Re:Moore's Law has eroded the need for assembly (2, Insightful)

lowe0 (136140) | more than 9 years ago | (#11597661)

Which is exactly why this sort of thing is so important.

Sure, you could probably get it to work even faster with hand-tuned assembly than simply using this library. But programmer time is expensive, and customizing code adds complexity. By reusing optimized code, you can enjoy some of the benefits of SIMD without having to devote the same amount of resources.

Let's be honest, this isn't a silver bullet - this isn't going to speed up code that doesn't use lots of floating-point vectors anyway. But if it does... (nearly) free performance is always a good thing.

Depends on what you are doing (5, Insightful)

dsci (658278) | more than 9 years ago | (#11597755)

We write code for hardcore chemical simulations. The limits on what can be studied, ie number of atoms/molecules or timescales of the simulations depends on one thing: speed.

Faster computers means better simulations. BUT, if the code is not as fast as it can be on a particular architecture, your simulations are not going to be as complete as they can be. At least within a given time allotment.

I've recently applied some code optimizations to a Monte Carlo simulation and saw speed ups of over 1000x. That's significant.

It's naive to think that faster computers means we should live with sloppy or unoptimized code. SIMD is a useful technique, and if it means the difference between me getting work done in a week or two or three weeks, I think I'll take the one-week sim.

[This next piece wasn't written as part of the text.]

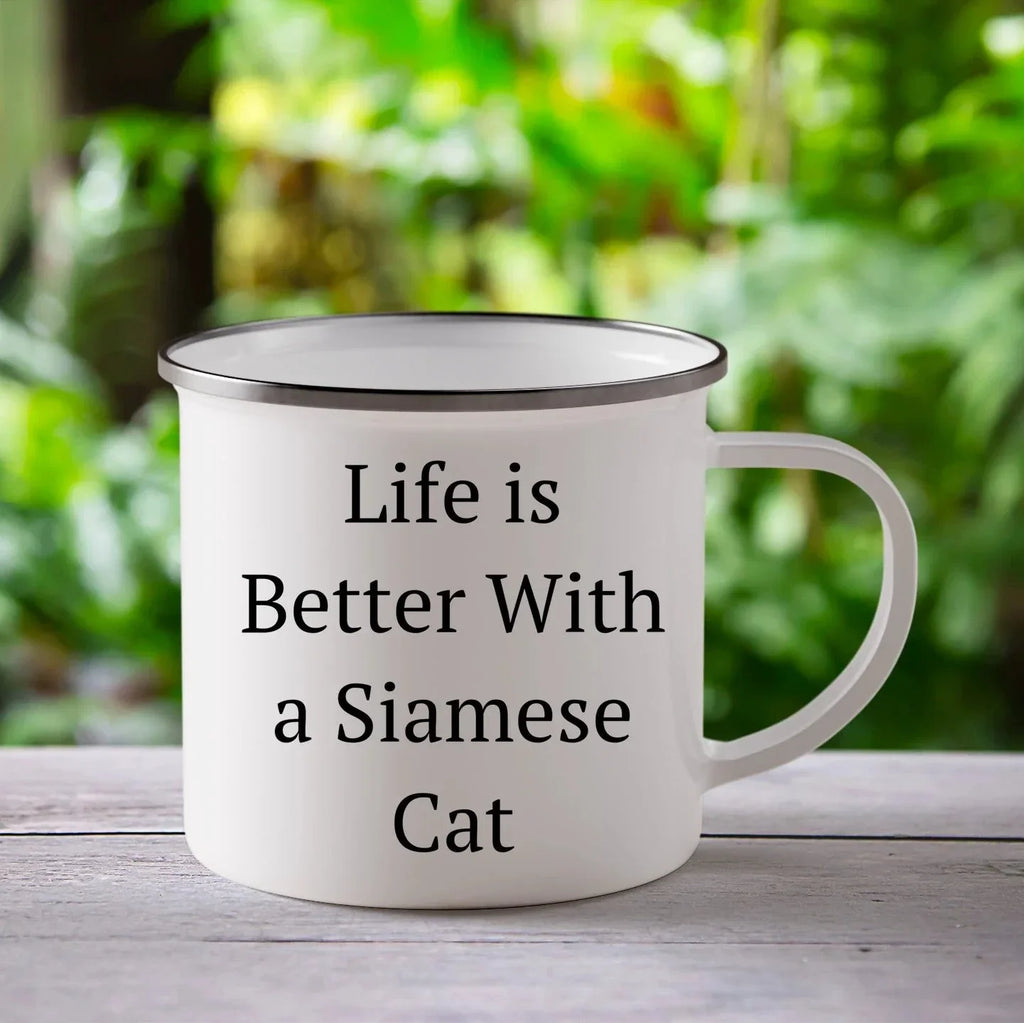Funny Siamese Cat Camping Mugs, Life Is Better With A Siamese Cat Quote, Stainless Steel, Enamel Finish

License issues (5, Informative)

IO ERROR (128968) | more than 9 years ago | (#11597404)

Be careful; the "open source" license [pixelglow.com] (PDF) is not GPL-compatible. I don't even think it's BSD-compatible on first reading.

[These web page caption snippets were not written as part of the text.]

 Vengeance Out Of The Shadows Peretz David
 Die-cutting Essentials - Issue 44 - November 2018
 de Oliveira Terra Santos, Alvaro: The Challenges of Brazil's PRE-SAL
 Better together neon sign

The Reciprocal Public License requires you to release all of your source code if you link to this library, even if your project is personal or used in-house only.

Re:License issues (2, Interesting)

voxlator (531625) | more than 9 years ago | (#11597555)

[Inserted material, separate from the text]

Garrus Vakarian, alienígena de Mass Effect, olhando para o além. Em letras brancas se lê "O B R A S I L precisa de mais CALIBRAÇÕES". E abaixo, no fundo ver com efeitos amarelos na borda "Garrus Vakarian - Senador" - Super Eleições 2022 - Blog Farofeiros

True, but only if you don't purchase a license.

Simple to understand; if you use it for free, you're expected to release your source code (i.e. the 'reciprocal' part of RPL). If you pay to use it, you don't have to release your source code.

--#voxlator

Re:License issues (3, Informative)

IO ERROR (128968) | more than 9 years ago | (#11597702)

Simple to understand; if you use it for free, you're expected to release your source code (i.e. the 'reciprocal' part of RPL). If you pay to use it, you don't have to release your source code.

True enough, but using the proprietary license makes it impossible to use this in existing projects without changing the license. Suddenly your open source project is either no longer open source, or doesn't look so attractive.

One of the nicest features of the GPL (and, to be fair, of the BSD license) is that you do not have to release source code if you don't distribute your software. This RPL requires you to release your source code even if you don't distribute your software. And the proprietary license simply isn't appropriate for any type of open source project.

The guy wants to get paid, and that's fine, I want to get paid, too. But he's got no business telling me I have to distribute my source code for an internal project that will never be distributed. He could easily have used a method similar to Trolltech's dual-licensing [slashdot.org] , but he chose instead to do something a whole lot more obnoxious.

License issues-Smells funny. (0)

Anonymous Coward | more than 9 years ago | (#11597810)

"The guy wants to get paid, and that's fine, I want to get paid, too. But he's got no business telling me I have to distribute my source code for an internal project that will never be distributed."

He does if you use his license willingly.

"He could easily have used a method similar to Trolltech's dual-licensing, but he chose instead to do something a whole lot more obnoxious."

It would be obnoxious if somehow he took away your free will to choose what license to use. He didn't and you can pick a multitude of OSI licenses.

Re:License issues-Smells funny. (1)

IO ERROR (128968) | more than 9 years ago | (#11597833)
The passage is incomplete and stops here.